Input material: Begin

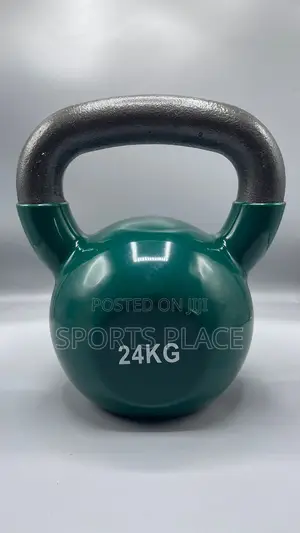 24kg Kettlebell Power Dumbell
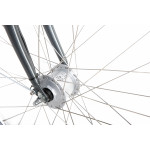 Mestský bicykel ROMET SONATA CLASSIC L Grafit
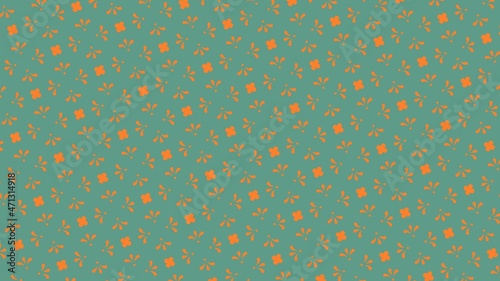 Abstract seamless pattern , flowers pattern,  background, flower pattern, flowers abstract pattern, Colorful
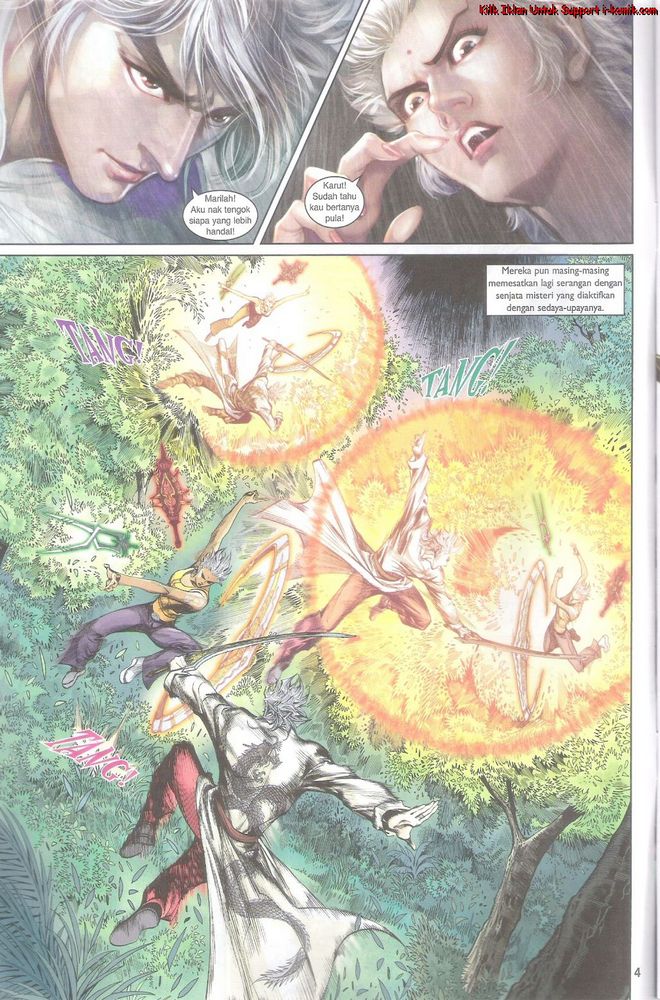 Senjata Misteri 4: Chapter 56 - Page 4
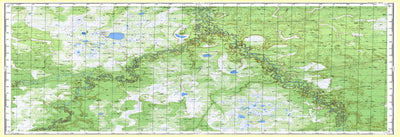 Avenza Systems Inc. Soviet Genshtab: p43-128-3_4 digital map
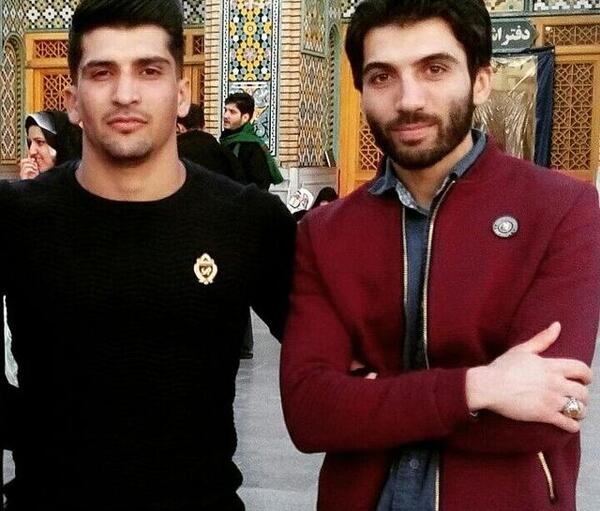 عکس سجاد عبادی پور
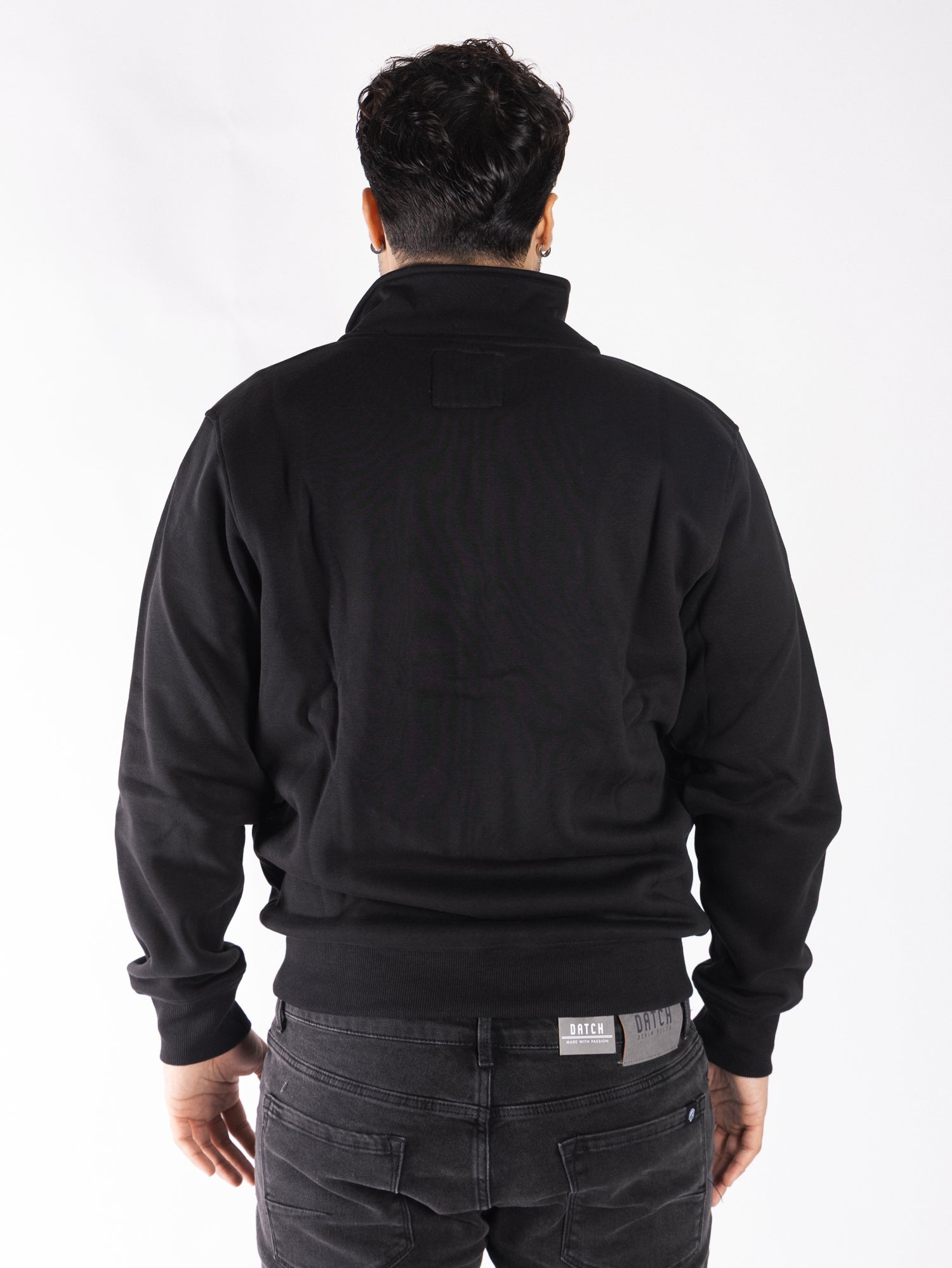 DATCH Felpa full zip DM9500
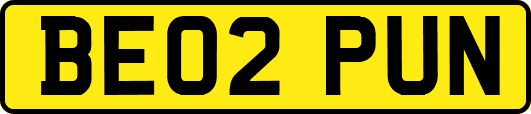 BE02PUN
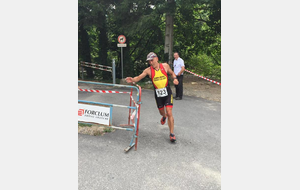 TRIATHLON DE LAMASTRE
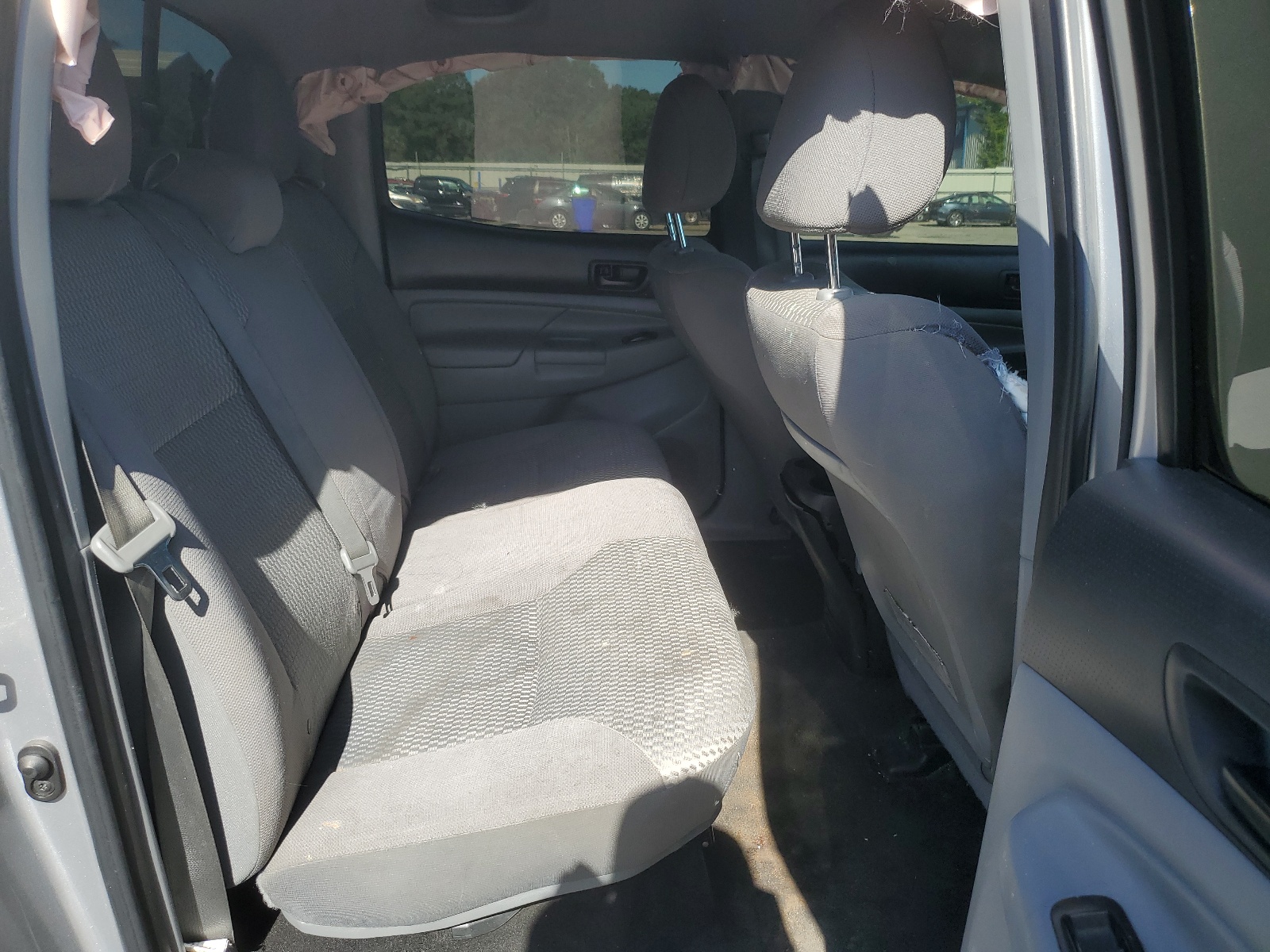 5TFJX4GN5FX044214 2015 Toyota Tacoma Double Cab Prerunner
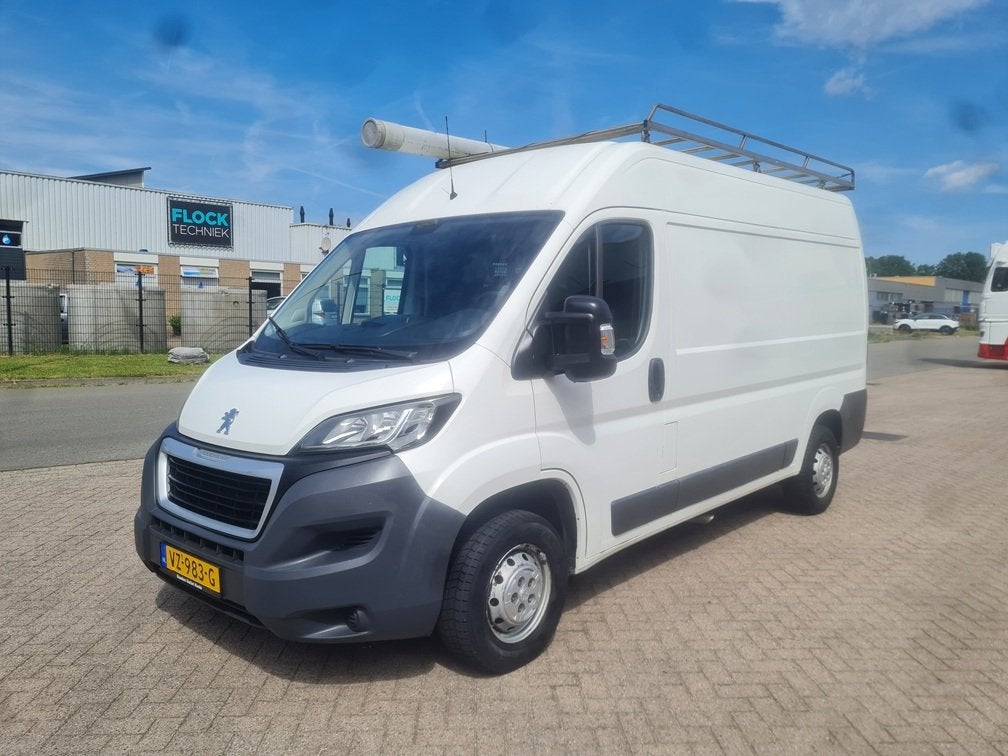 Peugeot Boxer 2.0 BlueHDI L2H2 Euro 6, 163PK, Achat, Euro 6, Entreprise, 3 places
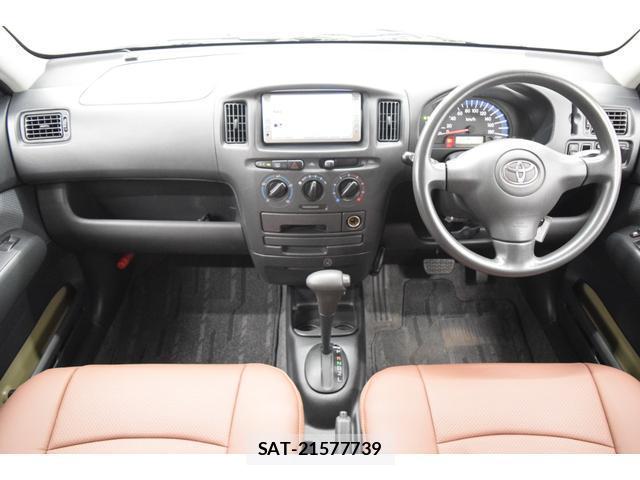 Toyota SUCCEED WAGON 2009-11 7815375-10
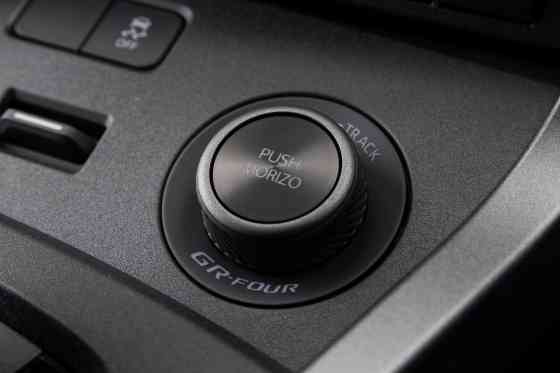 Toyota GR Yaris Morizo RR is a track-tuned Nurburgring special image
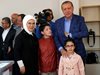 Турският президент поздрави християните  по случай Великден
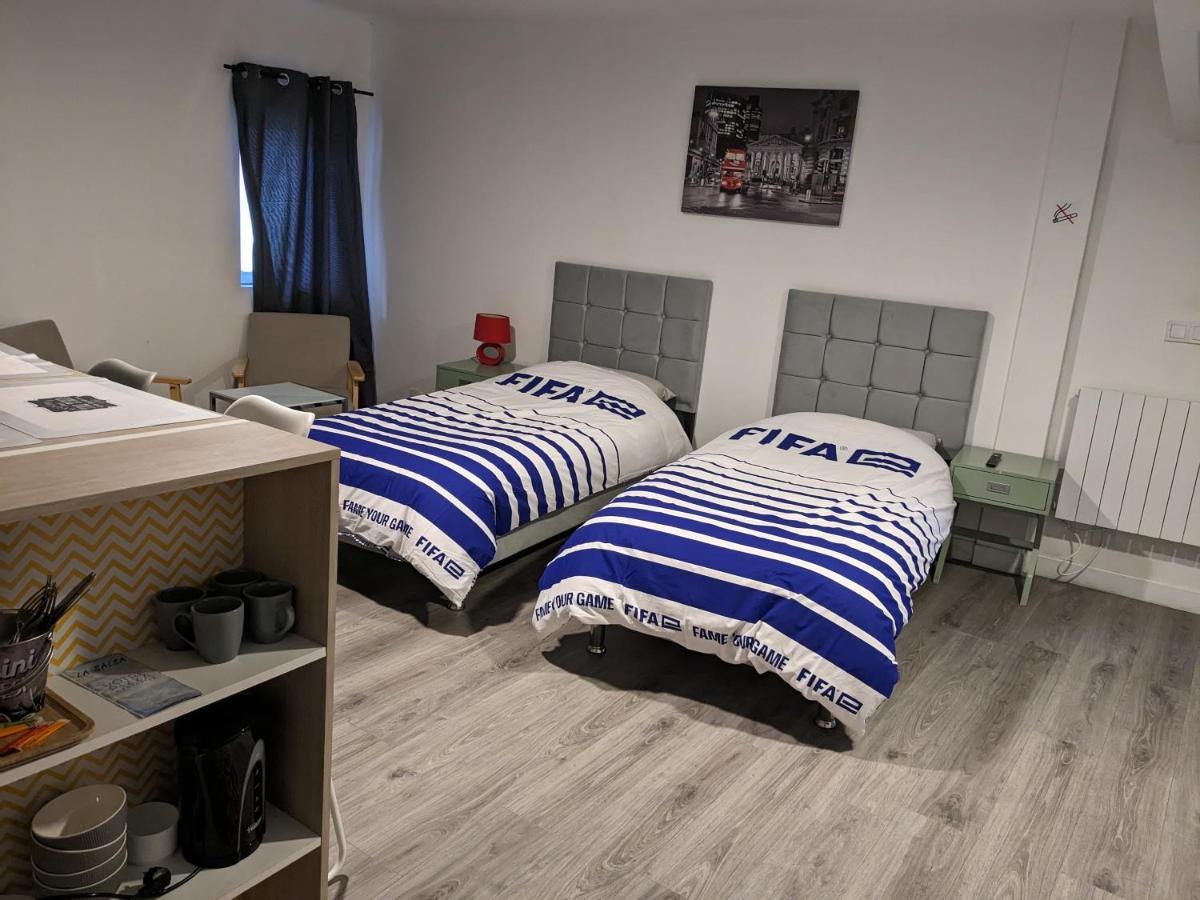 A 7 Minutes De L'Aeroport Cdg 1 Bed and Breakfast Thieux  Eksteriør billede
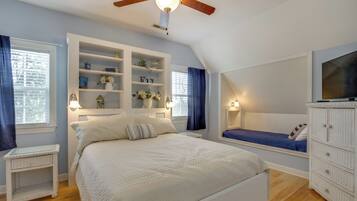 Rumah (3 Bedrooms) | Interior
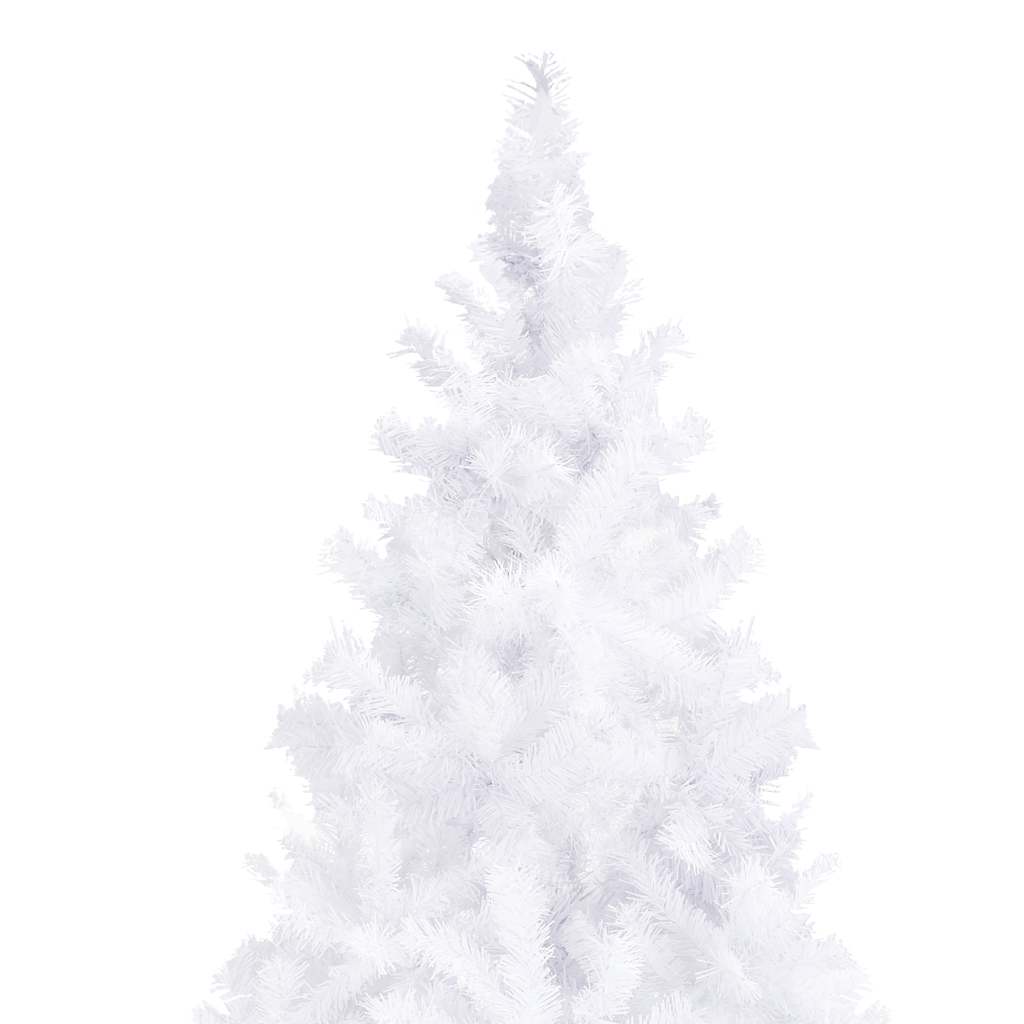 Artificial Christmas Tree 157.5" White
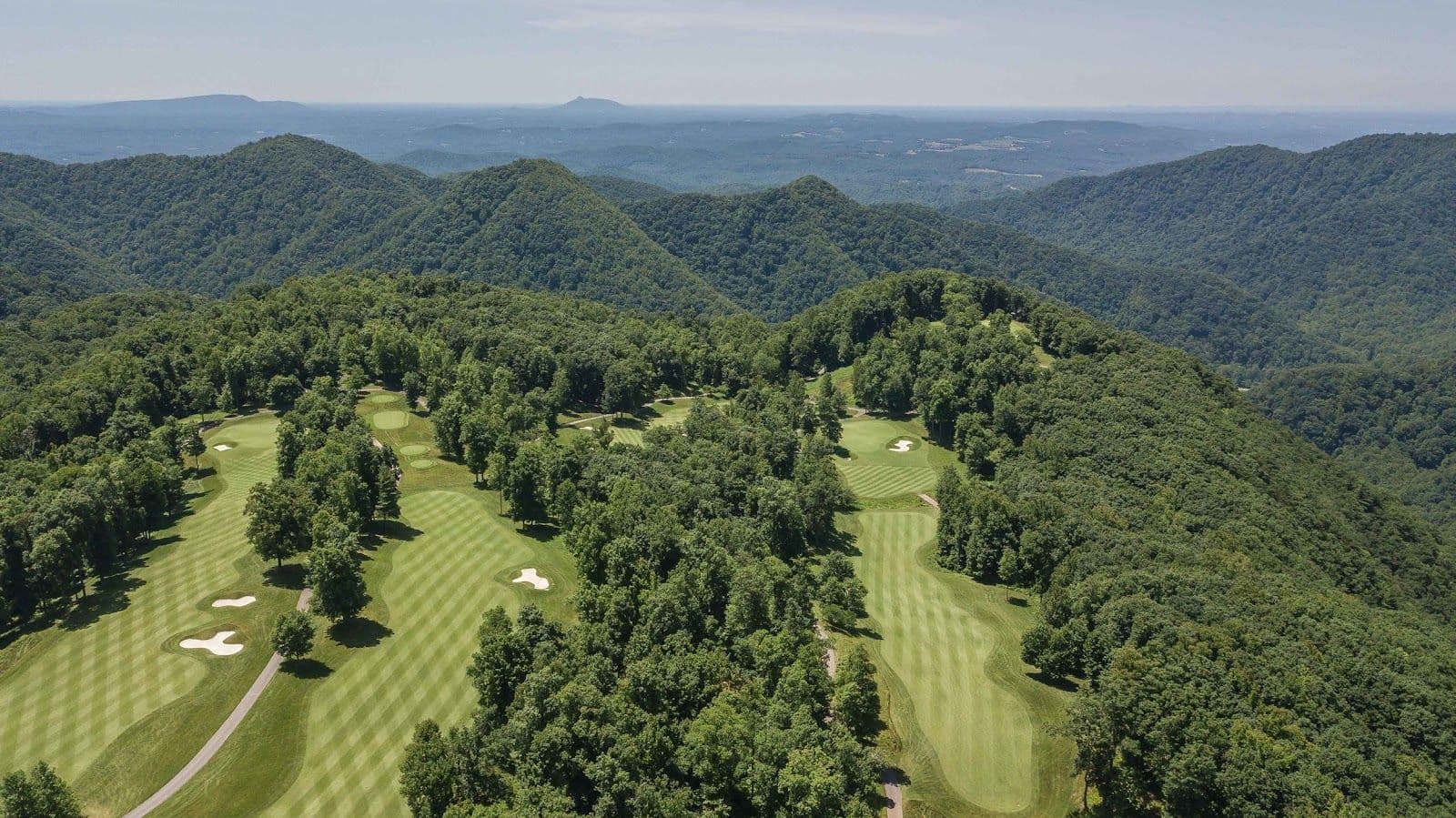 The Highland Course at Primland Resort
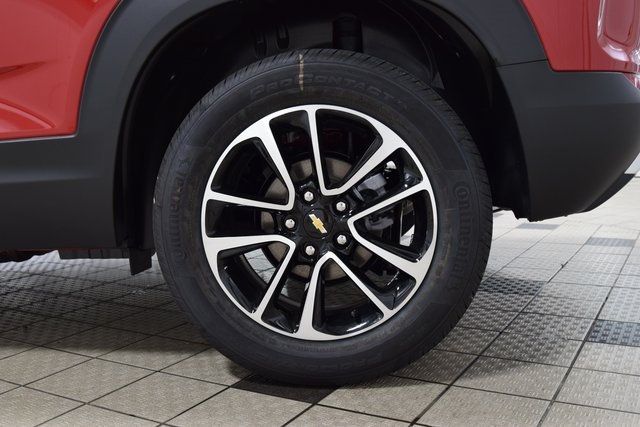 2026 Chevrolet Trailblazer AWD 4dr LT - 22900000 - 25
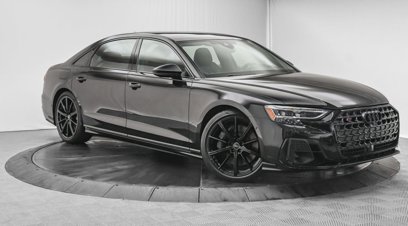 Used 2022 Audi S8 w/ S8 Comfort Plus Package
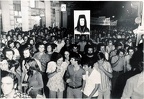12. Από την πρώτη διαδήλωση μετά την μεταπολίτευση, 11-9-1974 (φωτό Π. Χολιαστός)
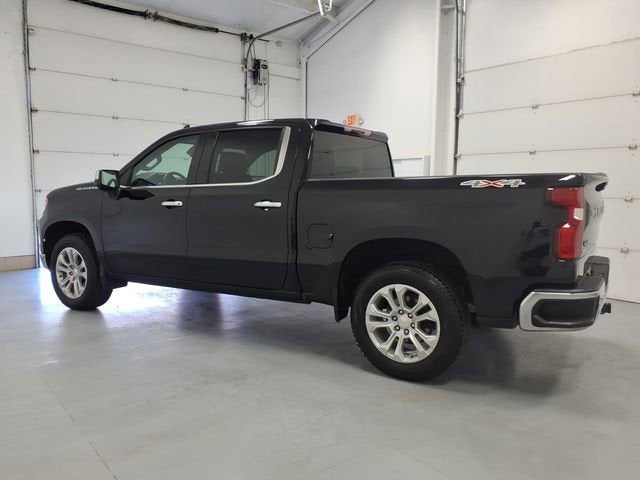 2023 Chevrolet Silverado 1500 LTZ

Input material: End

| Exercise |
Omit the images and transcribe all of the records above word for word.

| Exercise output |
 24kg Kettlebell Power Dumbell
 Mestský bicykel ROMET SONATA CLASSIC L Grafit
 Abstract seamless pattern , flowers pattern,  background, flower pattern, flowers abstract pattern, Colorful
 Senjata Misteri 4: Chapter 56 - Page 4
 Avenza Systems Inc. Soviet Genshtab: p43-128-3_4 digital map
 عکس سجاد عبادی پور
 DATCH Felpa full zip DM9500
 BE02PUN
 TRIATHLON DE LAMASTRE
 5TFJX4GN5FX044214 2015 Toyota Tacoma Double Cab Prerunner
 Peugeot Boxer 2.0 BlueHDI L2H2 Euro 6, 163PK, Achat, Euro 6, Entreprise, 3 places
 Toyota SUCCEED WAGON 2009-11 7815375-10
 Toyota GR Yaris Morizo RR is a track-tuned Nurburgring special image
 Турският президент поздрави християните  по случай Великден
 A 7 Minutes De L'Aeroport Cdg 1 Bed and Breakfast Thieux  Eksteriør billede
 Rumah (3 Bedrooms) | Interior
 Artificial Christmas Tree 157.5" White
 The Highland Course at Primland Resort
 2026 Chevrolet Trailblazer AWD 4dr LT - 22900000 - 25
 Used 2022 Audi S8 w/ S8 Comfort Plus Package
12. Από την πρώτη διαδήλωση μετά την μεταπολίτευση, 11-9-1974 (φωτό Π. Χολιαστός)
 2023 Chevrolet Silverado 1500 LTZ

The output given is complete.